I didn’t define liberalism…the fact the Jesus allowed women into his inner circle was unheard of in his day and would have been seen as highly liberal by the conservatives of his time. .
And that’s not an example of why he was liberal?
While I appreciate you offering an opinion your personal attack makes it clear to me that you just don’t get it. A non-dualistic viewpoint must allow for all views and find ways of inclusion, not exclusion. Your certainty of your own righteousness leaves no room for the Spirit to be operating and is therefor entirely self/ego-serving.
So, what don’t I “get”? Your accusation of self-righteousness is ironic. To me there are few who are more self-righteous than the one who thinks he is right, even to the obstinate point of excommunication, and the defender of 2,000 years of Church teaching and tradition is wrong. These people are practicing what I call the “Gospel in Reverse”. Jesus commissioned his first apostles to “go into the world and preach the Gospel, teaching what I have taught you.” He did not commission them to “go into the world, find out what the current liberal ideas are and bring them back and incorporate them into my church.”
Not only are they self-righteous, they are selfish. There are churches that teach what these people want. As I stated, why don’t they go join one of them? They won’t because they are selfish. If they got what they wanted, where does that leave the vast majority who don’t want it? Without, that’s what.
Many saints were seen as heretical in their day also.
I read the book, and you can count them on the fingers of one hand. To say these dissenters are all saints to the man is stretching credibility.
From that perspective your view of reality is no more valid or invalid then anyone else’s…it is however, only your view. Balanced is not relativism…it is the rainbow that lies between the extremes of conservative and liberal values and perspectives.
This
is relativism. Everyone has his own truth. If I say to you, “I think you should go jump off a cliff,” and you think it would be a bad idea, does my “view of reality” have equal “perspective” with yours? Obviously not.
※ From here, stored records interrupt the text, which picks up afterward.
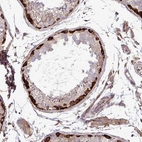 Immunohistochemical staining of human Testis shows strong cytoplasmic positivity in spermatogonia.
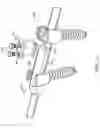 Fig. 14 - Spinal rod implant extension
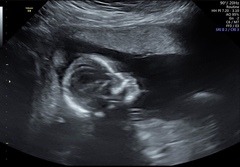Pregnant After MMC - Thread 3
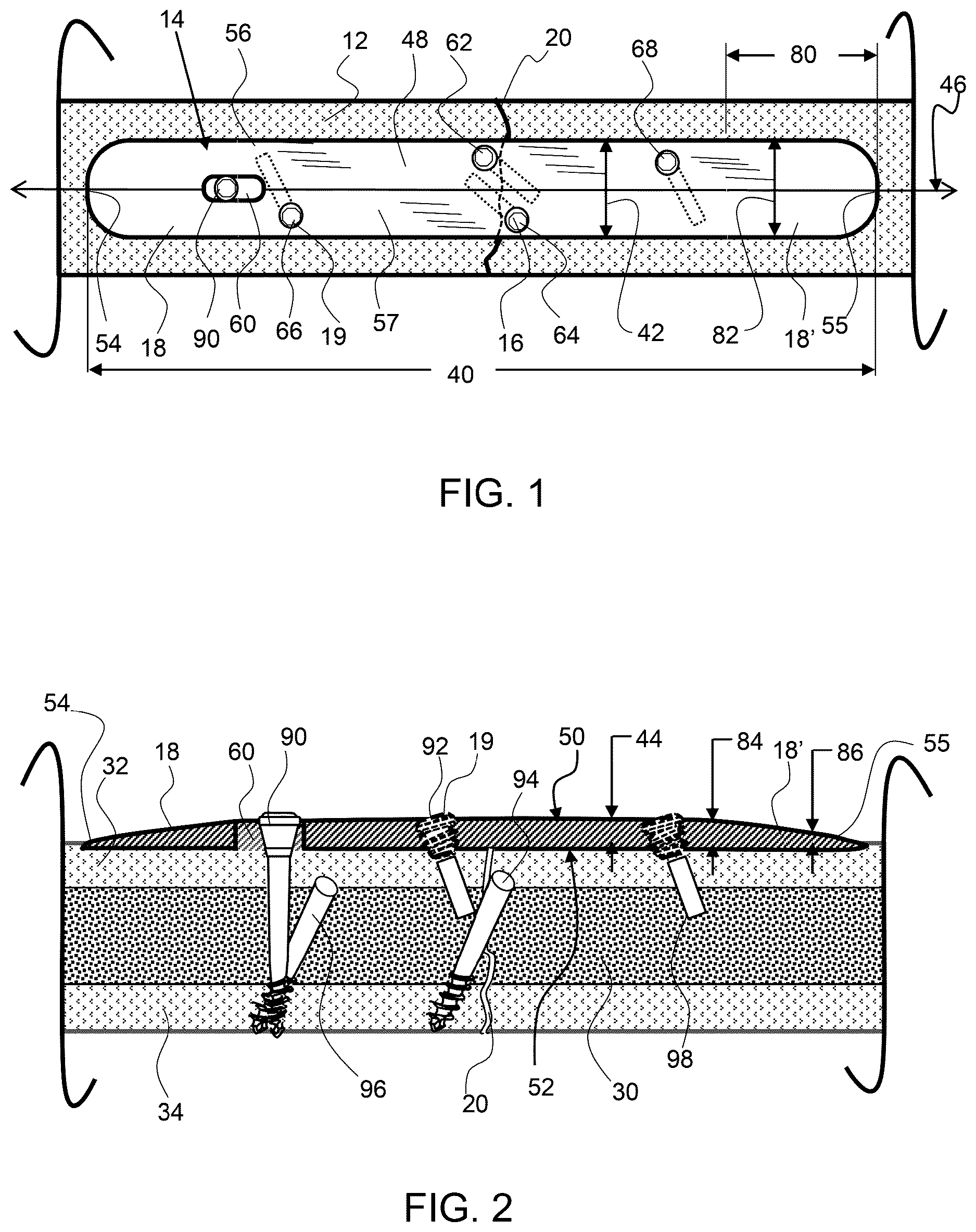 Patent US12611237 — Load sharing bone plate — Figure 1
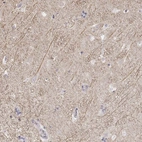 Anti-KCNJ12 Antibody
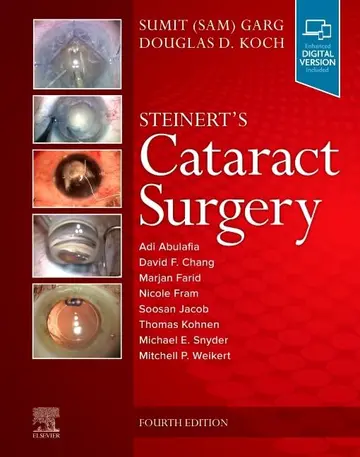 Cover of Steinert's Cataract Surgery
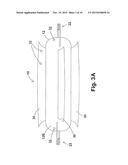 GASTRIC DEVICES, SYSTEMS, AND METHODS diagram and image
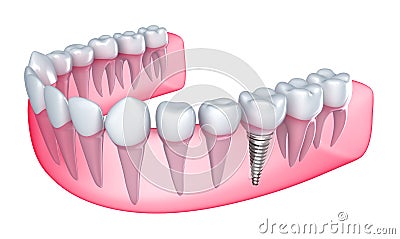 Dental implant in the gum Stock Photo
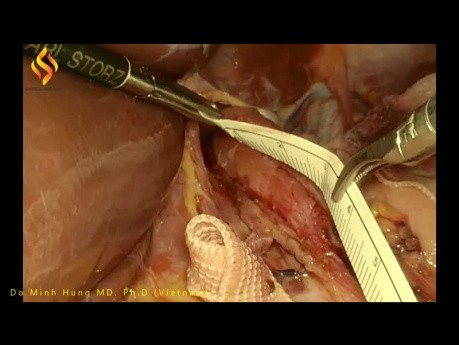 Fundoplicatura laparoscópica de Heller y Dor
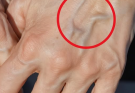 If you have visible veins, it means you are… See more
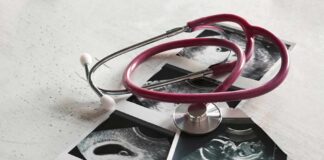 Stethoscope on ultrasound photos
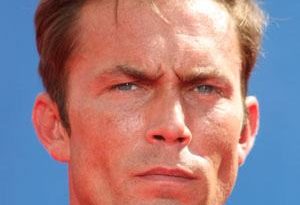 Desmond Harrington Plastic Surgery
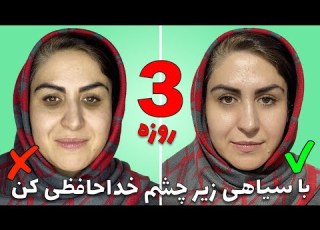  Remove Your Dark Under Eye Circles In 3 Days رفع تیرگی زیر چشم فقط در سه روز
There has to be an arbitrator, so the Church steps in and says to me that I am in error; and since error has no rights, we are no longer to consider whether tskrobacz should jump. The Church says these dissenters are wrong, and you say they are right. Which “perspective” has the more weight? As I said above, the good itself must ultimately be seen as evil, because the good
discriminates against evil, while evil must be blessed with
victim status, because it is excluded by the good. This is at the core of liberalism.
“The indispensable condition of our personal spiritual survival, is that we say NO to the prevailing values of the liberal order and that we keep saying NO.”